The base current will depend on what you are trying to do, the topology used, the BJT of course, and upon the Ic you expect to name a few things.

... why do you want them?

I assume you mean Ic = beta * Ib.

Yes, in some arrangements. If you are using the BJT as a switch, then probably 'no.' It all depends.

But it looks, below, as though you are thinking about an AC signal input and a voltage amplifier stage. Not sure, though. But in such cases, other considerations usually dominate your thoughts, and not so much the beta of the transistor or the exact base current which varies from one to another even within a part number, let alone across BJT families.

Ah. So this is for simple voltage amplification of an AC signal? What are your design constraints (signal, input source, output, etc) and chosen topology, so far?

Jon

Reply to
Jonathan Kirwan

  1. The base current is often determined by a bias circuit that consists of a voltage divider plus some feedback.
  2. Ib MAX is usually not a factor (of course, you can blow the base junction).
  3. BIb = Ic
  4. The center of the load line is the starting point (that gives the best output swing before clipping).

I'll suggest a basic textbook on linear electronics. Malvino is readable (Electronic Principles).

Reply to
Charles

The whole point of transistors is that Ic = Beta*Ib and that you can "program" the base current.

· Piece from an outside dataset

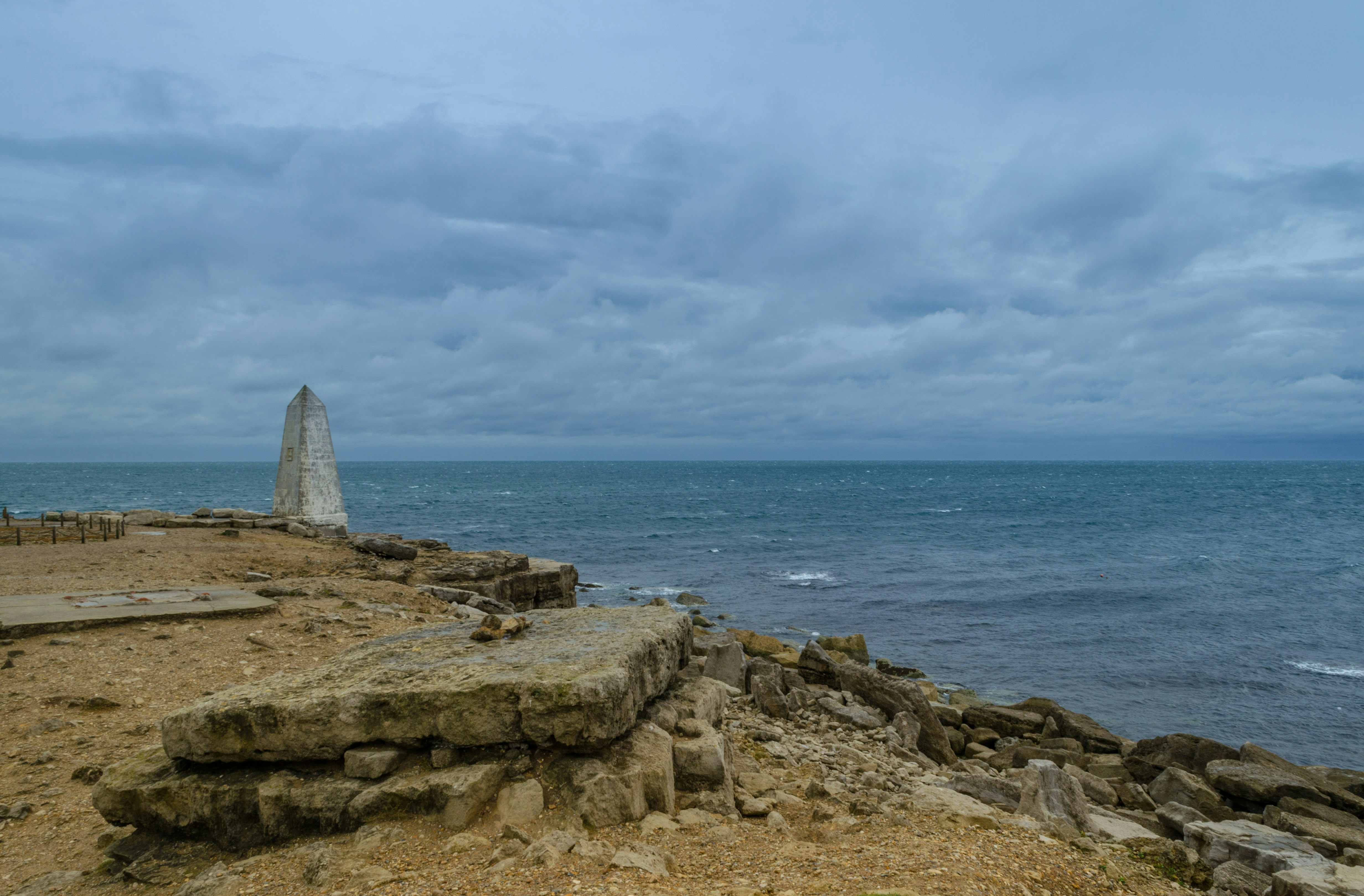 a rocky beach with a large rock structure in the distance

That is, you have control of what to put in for Ib and hence you get a much larger Ic out. Ie = Ib + Ic and Ic = Beta*Ib.

Usually this is done by creating a current source with a voltage and resistor.

V ----R----Trans Base

Then you know Ib = (V - (VE + 0.6))/R

(VB is a diode drop above VE)

If VE is grounded then Ib = V/R and you can easily calculate your base current.

If Ib is to large then Ic != Beta*Ib.

In generally you do not design circuits that depend specifically on Beta...

You basic amplifier has a formula like Beta/(Beta + 1) and for Beta = 50 its

98% and Beta = 200 its 99.5%. So any drastic change in Beta doesn't really effect the result(unless Beta drops to low).

Beta depends on a lot of factors but mainly temperature. This is why its bad to use Beta as a parameter. In transistor switches you just have to saturate the base and you can use minimum value of beta to do that. In the case of switches Ic != Beta*Ib... or at least beta is not constant.

Generally you have to abide by the total power dissipation. Since Ie = Ib + Ic and Ib < Ic with Ib's max rating being comparible to Ic you usually don't have to worry about it... as long as your not running the transistor near is maximum ratings in the first place.

No, as I said before, Beta is not a stable parameter. You can use it but in fact you probably don't know what it is(Look at h_FE in the datasheet and see its range... for the 3904 it ranges from 30 to 300).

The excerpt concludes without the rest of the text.